[Start of section]

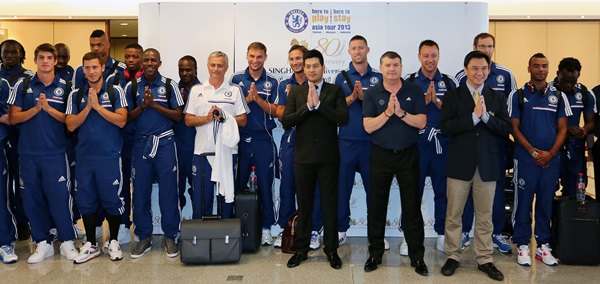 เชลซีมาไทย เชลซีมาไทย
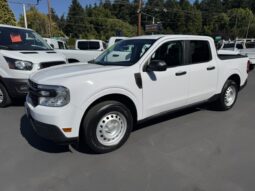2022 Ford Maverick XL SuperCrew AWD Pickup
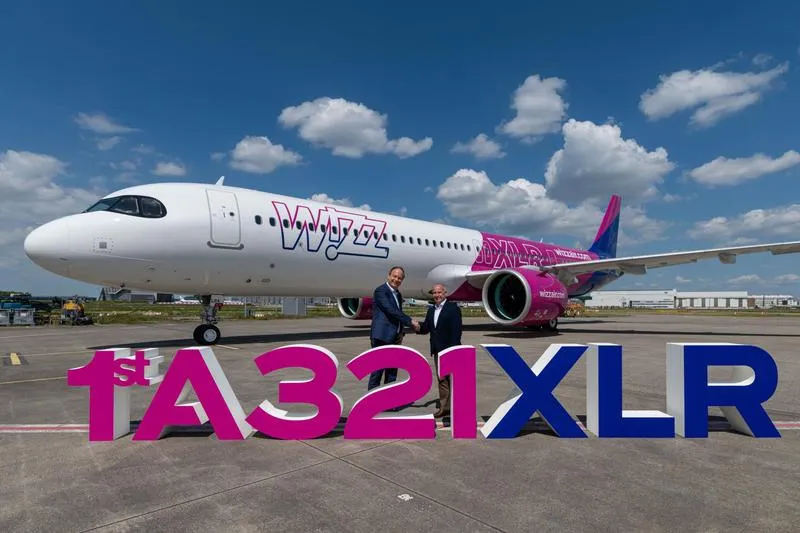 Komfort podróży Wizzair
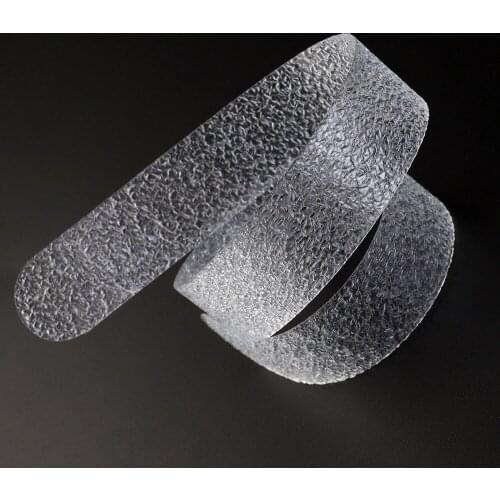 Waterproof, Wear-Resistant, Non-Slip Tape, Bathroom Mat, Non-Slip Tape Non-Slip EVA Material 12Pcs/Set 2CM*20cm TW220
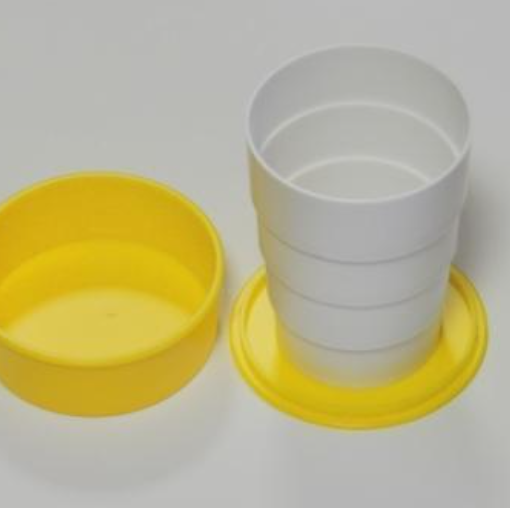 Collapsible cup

[End of section]
[Start of section]

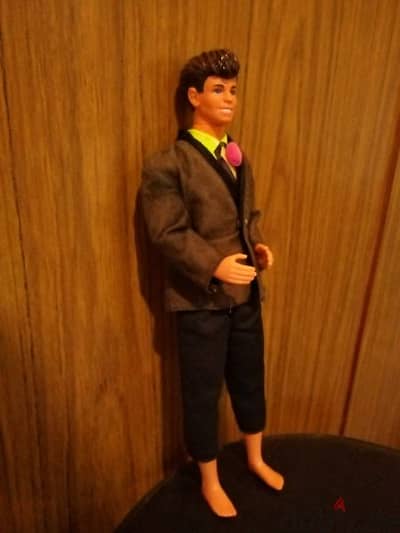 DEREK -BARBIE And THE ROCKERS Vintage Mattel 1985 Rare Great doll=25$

[End of section]

PROBLEM |
Copy exactly the material above from the line with "Waterproof, Wear-Resistant, Non-Slip" to the line with "Collapsible cup", ends included, and nothing else. Leave out any picture.

RESULT |
 Waterproof, Wear-Resistant, Non-Slip Tape, Bathroom Mat, Non-Slip Tape Non-Slip EVA Material 12Pcs/Set 2CM*20cm TW220
 Collapsible cup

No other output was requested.